The decision by the board was reached following reviews of GVSU’s tuition costs, as well as the costs of facility operations and student employment. Each year, the board addresses the housing and dining rates in February and tuition rates in July. The July date gives the administration time to factor in enrollment numbers for the fall in calculating tuition rates it proposes to trustees.
Chairperson Mary Kramer said the choice to raise prices was not without serious consideration of the already high tuition rates in Michigan as well as factoring in debt accumulated through renovations of on-campus facilities and other components.
“Besides the hard costs of energy, paying staff (and) buying and preparing food, we have debt of $17 million on new housing that’s already been constructed — plus we’ll be spending almost $6 million for repairs and renovation to housing and dining facilities,” Kramer said.
“It’s also important to note that the housing and dining departments employ more than 1,000 students.”
While these statements may be fear-inducing to many students, GVSU’s increases are lower than tuition hikes and pricing at other Michigan universities. The annual increases at GVSU are $134, compared to $300 average from other in-state universities — a 1.5 percent increase that is less than other five-year university increases of 3.2 percent.
The increases were also approved to incorporate student worker and staff raises. Kramer explained that due to the growing numbers of students enrolling at GVSU, price increases were necessary to accommodate the influx of new students.
“The inequity in state funding for GVSU leaves us near the bottom of the 15 state universities in terms of the per-student funding we receive,” Kramer said. “Unfortunately, the state legislature has not changed the funding formula for state universities since the 1970s. The formula penalizes us for enrollment growth. We’re hopeful that a new governor and turnover in the state Legislature may soon reconsider how higher education is funded in this state.”
The number of students living on campus remained steady this semester at 5,647 compared to 5,650 in 2018 and an additional 100 students signed up for a meal plan this winter.
Kramer added that the board voted to increase student aid by more than 11 percent for the 2018-2019 school year due to the cost increases in hopes of taking some of the burden of cost off of students.
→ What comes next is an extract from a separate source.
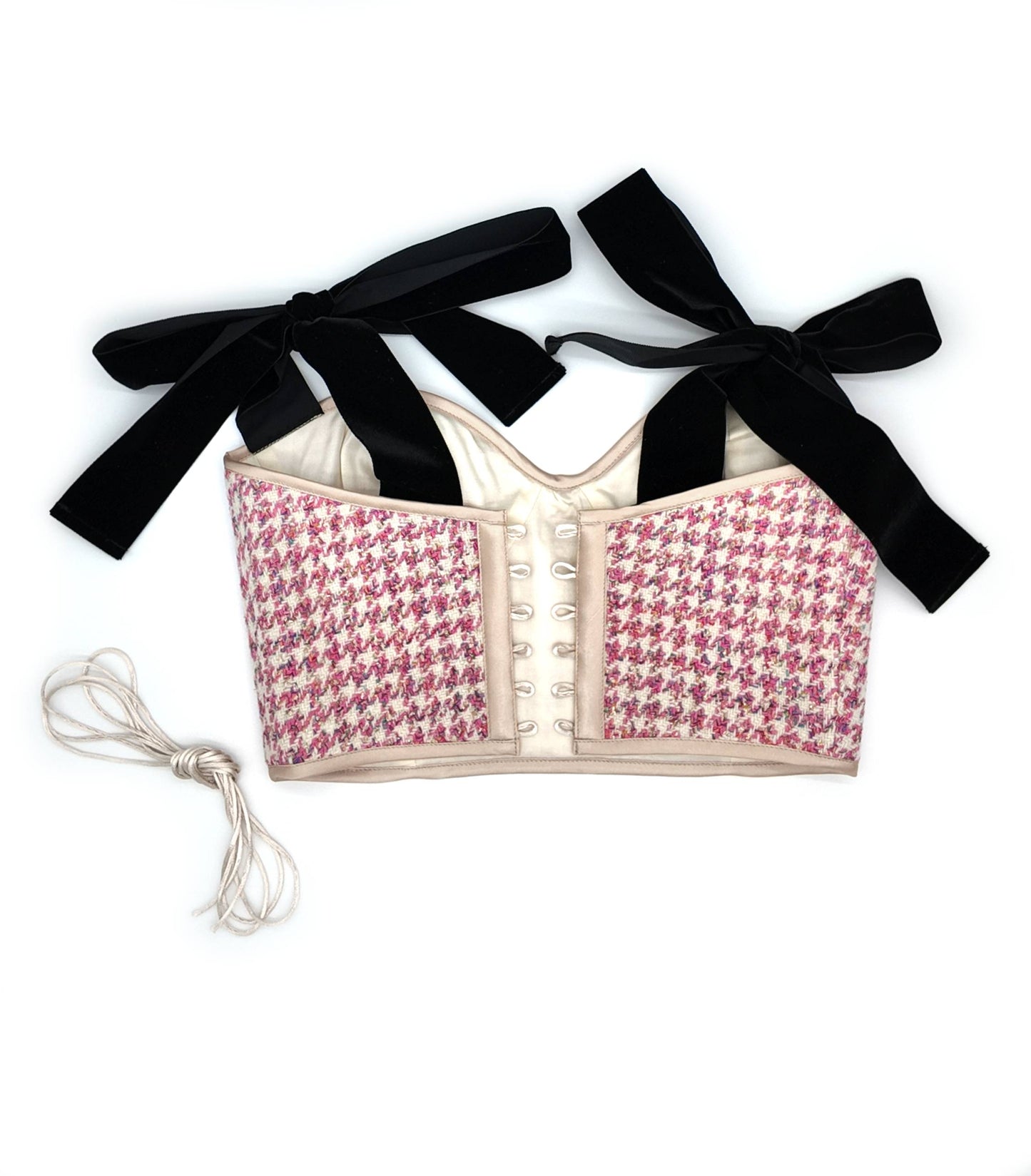 Old Money style, Fashionable and Luxury Houndstooth Tweed Corset Pink and White for a Chic Wardrobe
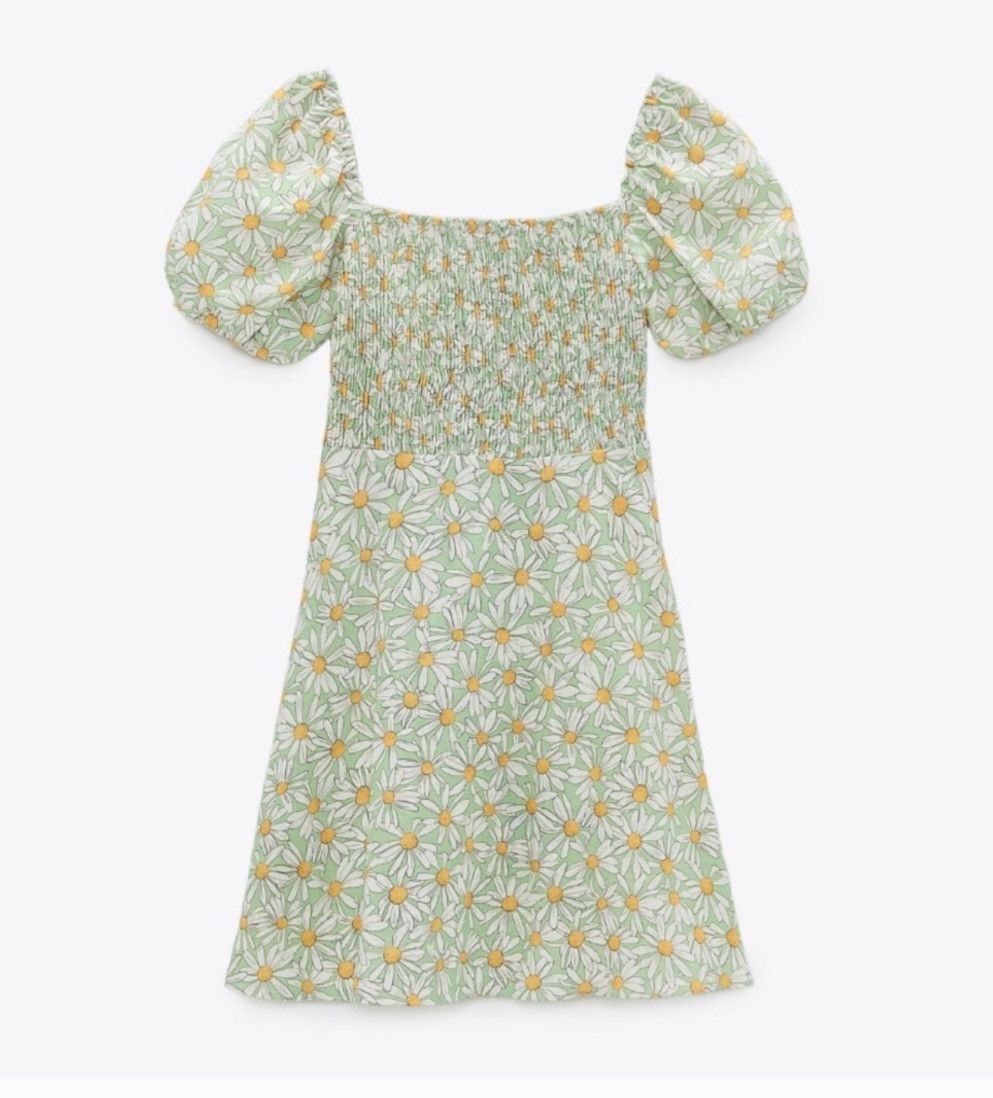 Zara Plus size Zara mini mint green with daisy flower print dress Size XXL / US 16-18 / IT 52-54 - 1 Thumbnail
Kramer hopes that students will find convenience and value in the housing and meal plans they choose, as the price increases have allowed GVSU to build many of the new housing units on campus for incoming students, as well as giving more money per paycheck to students who work on campus.
“There is a rhythm to the financial decisions we make,” Kramer said. “Trustees are mindful of the cost of education; that’s why we increased student aid for 2018-19. I don’t think we ever have a board meeting where we don’t discuss the cost of higher education.”